Image: Bongani Mbatha- African News Agency

5 challenges in curbing Covid-19

CAPE TOWN- Epidemiologist and infectious diseases specialist, Professor Salim Abdool Karim says in order to stop the spread of Covid-19, South Africa will need to overcome five main challenges.

Karim, who is the chairperson of the Covid-19 ministerial advisory committee, spoke during a live webinar earlier this month with Viasen Soobramoney, editor of Coronavirus Monitor

Professor Salim Abdool Karim discusses South Africa's response to the Covid-19 Pandemic

The Mercury, IOL and ANA proudly presents South African epidemiologist and infectious diseases specialist, Professor Salim Abdool Karim, as he discusses South Africa's response to the Covid-19 Pandemic with Viasen Soobramoney.

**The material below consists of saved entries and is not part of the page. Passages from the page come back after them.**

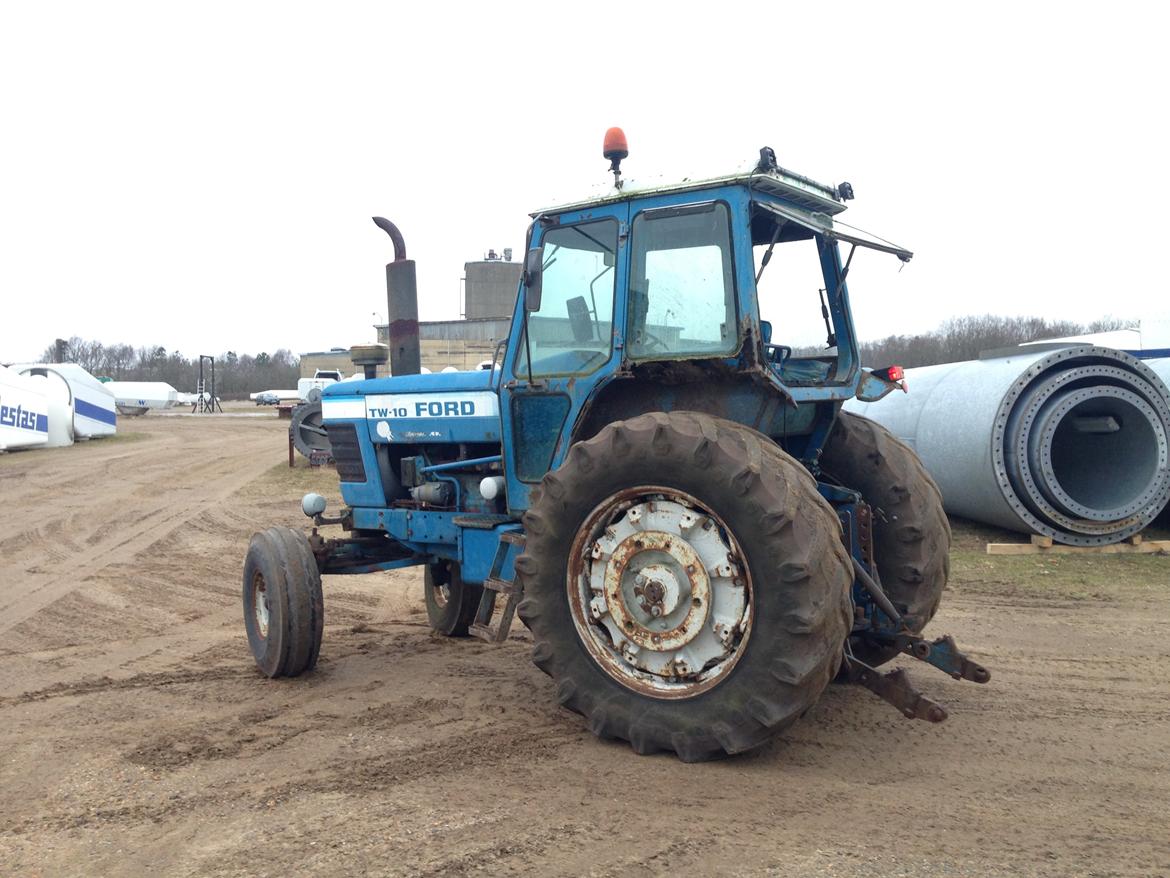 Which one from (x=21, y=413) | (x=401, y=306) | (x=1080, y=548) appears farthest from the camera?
(x=21, y=413)

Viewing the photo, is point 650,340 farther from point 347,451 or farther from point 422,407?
point 347,451

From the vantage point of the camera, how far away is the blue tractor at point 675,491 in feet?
13.0

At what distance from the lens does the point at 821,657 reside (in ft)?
12.5

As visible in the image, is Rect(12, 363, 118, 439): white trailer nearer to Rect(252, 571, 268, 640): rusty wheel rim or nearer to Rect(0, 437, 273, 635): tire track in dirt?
Rect(0, 437, 273, 635): tire track in dirt

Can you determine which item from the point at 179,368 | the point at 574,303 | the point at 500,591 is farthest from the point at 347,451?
the point at 179,368

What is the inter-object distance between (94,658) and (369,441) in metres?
2.28

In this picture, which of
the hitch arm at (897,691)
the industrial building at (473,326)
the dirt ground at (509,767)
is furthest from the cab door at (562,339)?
the industrial building at (473,326)

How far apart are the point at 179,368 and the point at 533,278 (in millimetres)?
93853

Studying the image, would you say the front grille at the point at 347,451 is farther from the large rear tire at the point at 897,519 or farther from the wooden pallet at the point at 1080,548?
the wooden pallet at the point at 1080,548

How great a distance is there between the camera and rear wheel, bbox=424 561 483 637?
6801 millimetres

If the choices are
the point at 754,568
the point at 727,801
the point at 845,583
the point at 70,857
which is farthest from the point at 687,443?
the point at 70,857

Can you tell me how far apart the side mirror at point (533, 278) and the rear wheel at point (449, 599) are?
243cm

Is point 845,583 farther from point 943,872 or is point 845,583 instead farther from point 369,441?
point 369,441

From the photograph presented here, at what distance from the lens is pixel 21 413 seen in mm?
25016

Posted by The Mercury on Friday, July 3, 2020

Here’s why it is difficult to stop the spread of Covid-19:

1. Pre-symptomatic infectiousness

Karim says there have been a number of cases where people spread Covid-19 without knowing they are infected and before they show symptoms of the virus. This is known as pre-symptomatic infectiousness. 

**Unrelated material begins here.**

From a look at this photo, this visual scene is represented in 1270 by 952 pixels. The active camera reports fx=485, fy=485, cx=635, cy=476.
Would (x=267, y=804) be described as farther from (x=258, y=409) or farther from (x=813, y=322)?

“They don’t know they have it, they are not sick but they are already spreading the virus,” he said. 


2. Asymptomatic infectiousness

“Then you have those that will not get sick and won’t show symptoms but they are infected with the virus. This is when people are asymptomatic,” said Karim. 

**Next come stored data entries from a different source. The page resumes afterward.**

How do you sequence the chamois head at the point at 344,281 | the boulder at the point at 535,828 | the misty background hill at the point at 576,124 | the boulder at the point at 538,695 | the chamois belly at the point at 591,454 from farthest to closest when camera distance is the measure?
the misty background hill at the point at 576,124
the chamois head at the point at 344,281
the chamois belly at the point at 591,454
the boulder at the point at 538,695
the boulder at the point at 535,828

Several studies have found that asymptomatic Covid-19 patients are as likely as those with symptoms to further the spread of the virus. 

The US Centers for Disease Control and Prevention (CDC) recently estimated that 35% of cases are asymptomatic and that 40 percent of transmissions occur before people develop symptoms. 

Karim says that asymptomatic cases are more common among the younger population.

3. Rapid spread

Covid-19 spreads primarily from person to person via small droplets from the nose or mouth that are expelled when an infected person sneezes, coughs or speaks.

The rapid spread of Covid-19 occurs when an infected person can infect more than two others.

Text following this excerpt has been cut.